I’ve long been a fan of urban fantasy, though perhaps I didn’t realize it. When I first discovered the genre, I’d found something that I’d long sought. Growing up, I was into scary movies a bit too much. Freddy, Jason, Michael Myers, and all the rest were well-worn topics of conversation in my circle of friends. The one thing that always bothered us was the fact that the victims in the movies were just that. When they fought back, it was ineffective. Yeah, Jason Voorhees could survive a machete to the head, but how about a team of Navy SEALs or the 101st Airborne? No way. (Of course, long after our childhood debates this conceit was used to some extent in the awful Jason Goes to Hell: The Final Friday, though they lamed out and retconned a way for Jason to survive heavy artillery.)

Apparently my friends and I weren’t alone in that line of thinking, because the best urban fantasy, to my mind, consists of potential victims standing up and laying the hurt on monsters. Authors like Faith Hunter, Jim Butcher, and Larry Correia excel in this aspect. Russell Newquist’s “War Demons” adds another log on the butt-kicking fire.

We first encounter our protagonist, Michael Alexander, on a mission in Afghanistan that’s about to go horribly wrong. There’s enough mystery and terror in this intro to get you hooked. In my case, I read the book in a couple sittings over the course of a day. It was a struggle to put it down, and considering the work I put aside to do so, that says a lot for War Demons.
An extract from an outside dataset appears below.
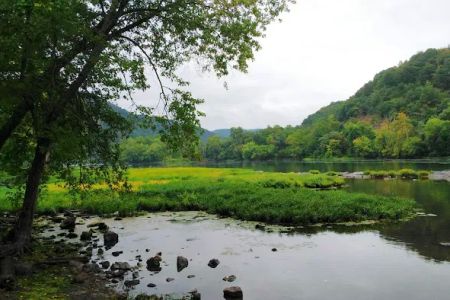 Berry's Campground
When we rejoin Michael, he’s trying to live a normal life and attending college. All the while he is haunted by his demons – real and unreal.
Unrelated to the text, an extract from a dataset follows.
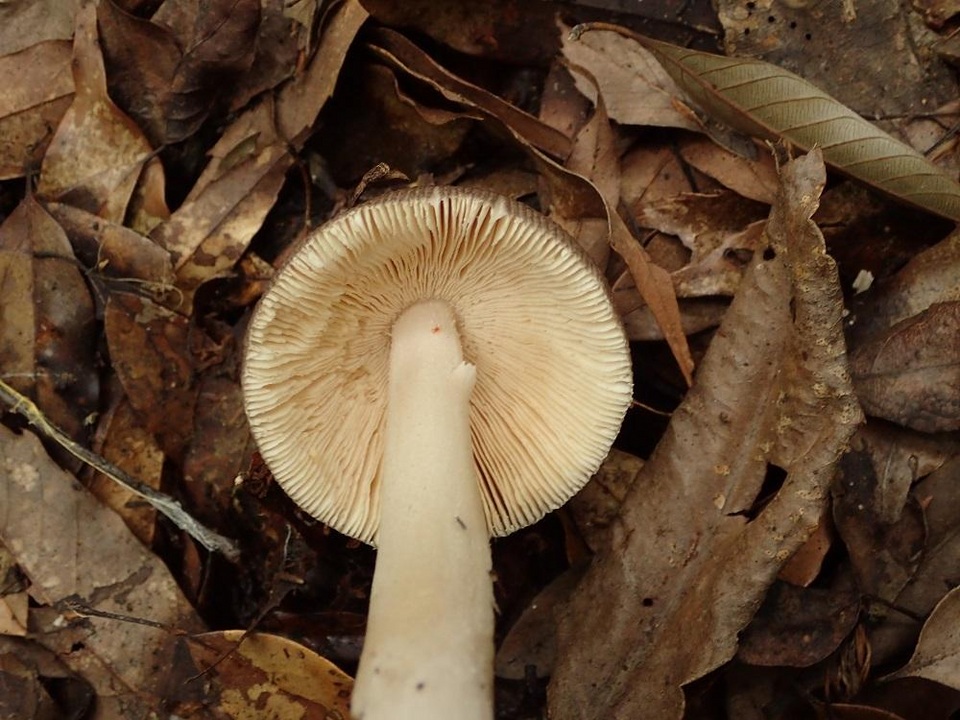 Amanita incarnatifolia image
Along the way, Michael collects a crew of friends, all of whom are nicely realized and have interesting turns. He needs the help, too, because there’s a vast menagerie of monsters to deal with — though to Russell’s credit, there are some great twists on the classic monster tropes that are used here. It’s at once creative and side-steps the old cliches.

My other point of praise for the book is that it took some nice twists and turns with the plot and the characters. My expectations as to where certain people would end up were completely off. That’s a rare treat, and a nice riff on the standard hero’s journey.

There are several awesome, fist-pumping moments that I’m reluctant to spoil. I’ll just say “dragon versus F-16s” and leave it at that. (Something else, BTW, I didn’t realize I needed until I saw the vastly disappointing Reign of Fire.)

Only quibble? It ends on a bit of a cliffhanger. But rest easy, there are more on the way.